Has anyone used the Deda dog fang or any other chain catcher on their Orca? Before I order one I'd like to know if it will actually fit.


----------



## CHT (Mar 1, 2001)

It works no problem. I have the K-Edge chain catcher w/Record 10 braze-on and there are no issues.

http://www.competitivecyclist.com/road-bikes/product-components/2010-k-edge-chain-catcher-with-hfk-6263.2355.0.html


----------



## UGASkiDawg (Jun 23, 2008)

Thanks looks nice but holy smokes...$49 for a tiny piece of aluminum?? I thought the dog fang was expensive.


----------



## CHT (Mar 1, 2001)

UGASkiDawg said:


> Thanks looks nice but holy smokes...$49 for a tiny piece of aluminum?? I thought the dog fang was expensive.

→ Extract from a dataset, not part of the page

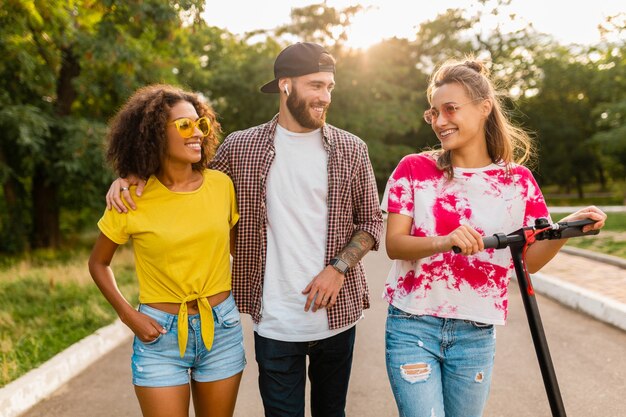 Happy young company of smiling friends walking in park with electric kick scooter, man and women having fun together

LOL. My Orca was picked up slightly used and it was already on the bike. I didn't realize the cost until I posted the link. There are cheaper alternatives...they all look very similar and there is no reason they won't work w/the Orca.


----------



## dave2pvd (Oct 15, 2007)

Chain Tickler


----------



## MisterMike (Aug 12, 2004)

dave2pvd said:


> Chain Tickler


+1. I don't actually have dave2pvd's version but a similar DIY one. Had dave2pvd's been around when I made mine I probably just would have bought his. That type of design is very simple and very, very, effective. No clamps or other stuff to deal with. In my case nothing with a clamp would fit my Onix. Clamps may fit the Orca but the hang down from the FD types are going to work no mater what.


----------